Догадки, догадки, догадки… Но как же иначе объяснить глупость этого профессионального мудреца, слепо пошедшего за немецким чурбаном? Где хваленая интуиция Мережковского, его знание тайных путей и подводных царств, Атлантиды и горнего Ерусалима? Старичок этот мне всегда казался иллюстрацией к «Страшной мести» Гоголя.
Недаром на большом, сводном собрании, где выступал Мережковский вместе с Андре Жидом, французская молодежь весело кричала:
– Cadavre! Cadavre! Cadavre! [67]
Гиппиус милостиво подавала свою сухую ручку гостям и, улыбаясь, говорила любезность: «А я вас читала сегодня» или «Хорошее стихотворение ваше…» Впрочем, кое-кому она молча совала лапку – почти с ожесточением. В общей сутолоке, среди перепутавшихся рук, прощаясь, Закович будто бы однажды поцеловал кисть Мережковского, чему последний отнюдь не удивился.
Беседуя, Гиппиус произносила имена св. Терезы маленькой или св. Иоанна Креста, точно дело касалось ее кузенов и кузин; то же о Третьем Завете или первородном грехе. Если бы Мережковский занимался не метафизикой, а марксизмом или физиологией, то Зинаида Николаевна, вероятно, заигрывала бы с Энгельсом или цитировала бы Павлова. Несмотря на всю свою поэтическую самостоятельность, теологическую заинтересованность, это первично недоброе существо я рассматриваю в порядке «Душечки» Чехова. Повествовали о ее «ангельской» красоте в молодости; вероятно, это правда. Хотя я заметил, что такое рассказывают про многих темпераментных литературных старух. В мое время она уже была сухой, сгорбленной, вылинявшей, полуслепой, полуглухой ведьмой из немецкой сказки на стеклянных негнущихся ножках. (Что-то «ботническое» все же оставалось в красках.) Страшно было вспомнить ее стишок: «И я, такая добрая, / Влюблюсь – так присосусь. Как ласковая кобра, я, Ласкаясь, обовьюсь»…Она любила молодежь и поощряла некоторых поэтов; думаю, что многие ей должны быть благодарны. Из прозаиков бедняжка похвалила одного Фельзена (до прихода немцев, разумеется).

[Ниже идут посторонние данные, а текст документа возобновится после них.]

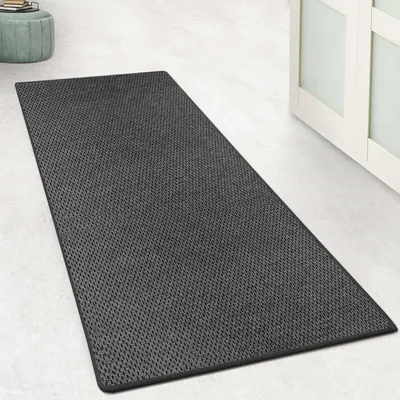 A dark gray rug with a textured pattern is laid out on a light-colored floor, next to a white cabinet with glass doors.
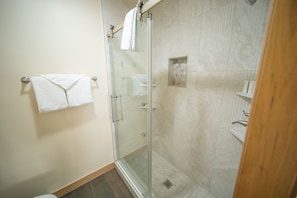 A glass-enclosed shower with a tiled wall and a wooden floor. - Ski Run 411 (Keystone)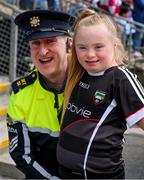 7 May 2023; Garda sergent James Canty with Sligo supporter Nova Clancy, from Gurteen, before the Connacht GAA Football Senior Championship Final match between Sligo and Galway at Hastings Insurance MacHale Park in Castlebar, Mayo. Photo by Ray McManus/Sportsfile
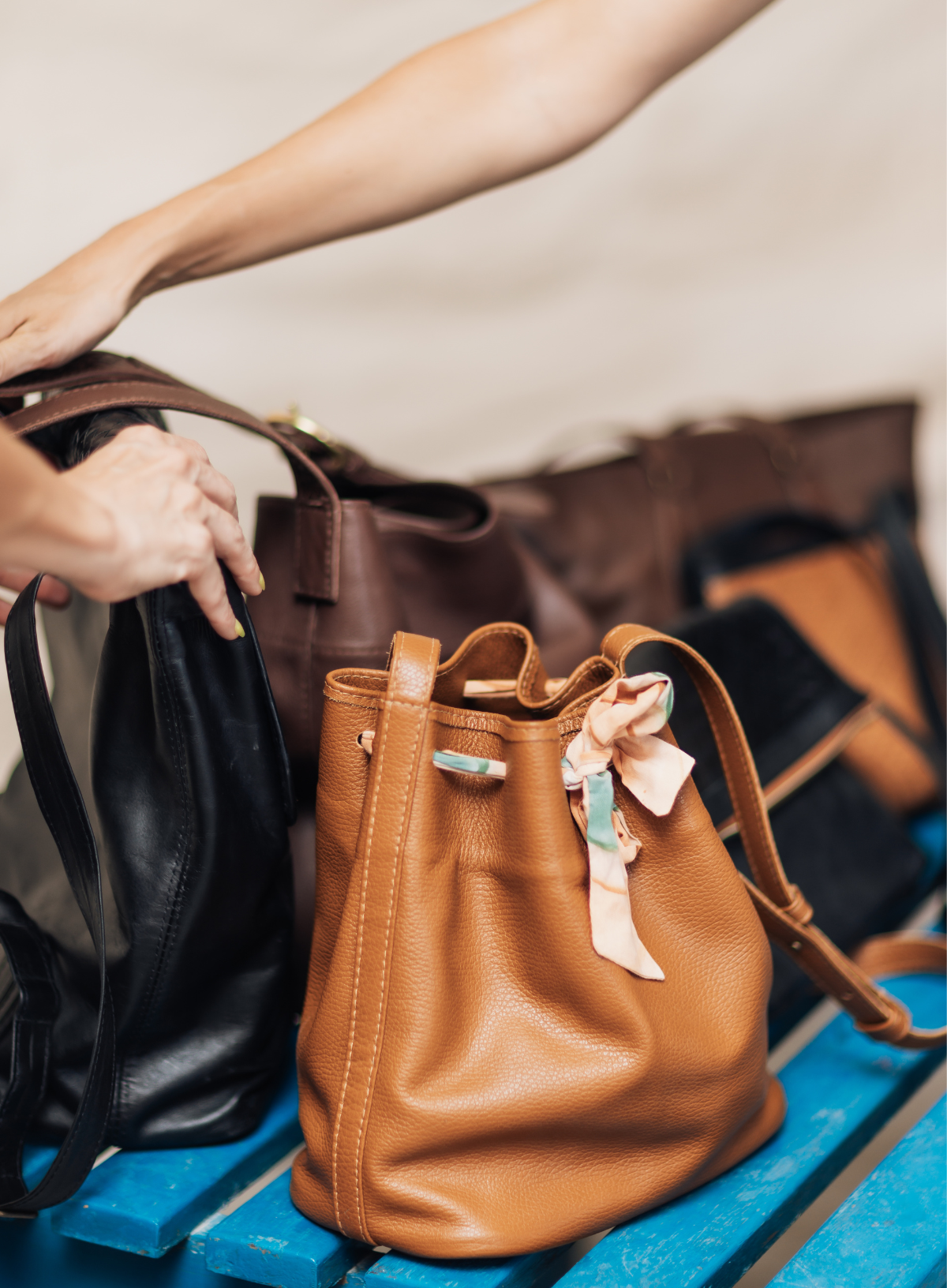 A tan pebbled leather bucket bag with a light pink satin ribbon bow sits on a blue wooden surface, surrounded by other handbags and a person's hands and arm adjusting the bag.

А затем немцы начали отступать, Мережковские остались одни. Даже «единомышленники» вроде Иванова скрылись, стараясь где-то застраховаться. Об этой поре гордая Гиппиус писала: «Одно утешенье осталось – Мамченко».
Так себе утешение…
Полагаю, что от стихов Гиппиус сохранится многое: больше, чем от декламации Мережковского. Но вообще что-то неестественное, духовно разлагающее характеризовало эту чету.
Раз на большом собрании не то «Зеленой лампы», не то «Чисел»… «Числа» в нашей жизни сменили «Зеленую лампу», как потом «Круг» вытеснил «Числа», но на стыках они некоторое время «перекрывали» друг друга. Итак, на большом собрании Иванович-Талин громил зарубежную литературу, утверждая, что у нас осталось всего два стоящих писателя, но один устремлен исключительно в прошлое, а другой видит в жизни только дурное. Мережковский, председательствовавший, оживился и начал расспрашивать: «Может быть, писатель, обращенный в прошлое, ищет там ответа на современные вопросы?» – и так далее, очевидно, полагая, что речь идет об авторе «Атлантиды» или «Леонардо да Винчи».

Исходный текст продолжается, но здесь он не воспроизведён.